Para permitir que seja escalável, a fórmula do bioQAV foi desenvolvida para ser adicionada aos motores existentes, a exemplo do que acontece nos carros flex. Em janeiro, a Boeing se comprometeu a tornar toda a sua frota certificada para voar 100% com bioQAV até 2030.

 

— Estão surgindo políticas em nível nacional e acho que seria importante para o Brasil entrar nessa conversa. Não há dúvida de que os governos têm de ser parte da solução, gerando incentivos e ajudando os players da indústria a atuarem juntos. E vejo aqui uma oportunidade para o Brasil exercer uma posição de liderança global — afirma.

 

Qual o impacto da pandemia para o futuro da aviação? O setor vai voltar ao que era antes?

 

Esta crise impactou a indústria de uma forma sem precedentes. O impacto não só é dramático, como muda constantemente. A última previsão da IATA para 2021 é de 43% em relação ao nível pré-pandemia.
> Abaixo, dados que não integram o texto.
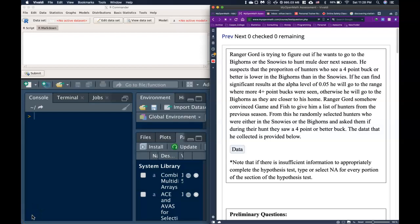For this next video, we are going to do a guide for a two-sample hypothesis test. Ranger Gord is trying to figure out if he wants to go to the Bighorns or the Snowys to hunt mule deer next season. He suspects that the proportion of hunters who see a four-point buck or better is lower in the Bighorns than in the Snowys.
Em dezembro, a previsão era alcançar 51% do nível pré-pandemia.

 

Isso nos diz duas coisas: essa crise é pior do que 11 de setembro (2001) e pior que a crise financeira global (2008). São muitas variantes: vacinas, diferentes políticas públicas para mitigar os efeitos da pandemia, habilidade dos governos de coordenar uma resposta para reabrir as fronteiras.

 

Vamos voltar aos níveis pre-pandemia ou há um mercado que vai se perder por conta de reuniões que agora vão acontecer por teleconferência?

 

Antes da pandemia, a aviação transportou 4,5 bilhões de passageiros. E US$ 7 trilhões em mercadorias. Essa demanda, esse modo de vida, o papel essencial que a aviação tem para o comércio são necessários. E isso vai voltar. Acabamos de divulgar a nossa previsão de mercado para os próximos 20 anos. O crescimento do tráfego de passageiros na América Latina vai ser de 5,1% ao ano pelos próximos 20 anos. [Um crescimento superior ao previsto para o mundo como um todo: 4% ao ano, mas representa a uma queda de 12% em relação à previsão anterior à pandemia para o período na América Latina.] A velocidade da retomada está diretamente ligada à condução da pandemia. Mas a visão de longo prazo é sólida. O setor já demonstrou ser capaz de superar choques exógenos. Vemos na verdade uma forte demanda reprimida. As pessoas querem viajar, e assim que puderem vão fazer isso. Estamos vendo isso acontecer na Austrália e na Nova Zelândia, na China.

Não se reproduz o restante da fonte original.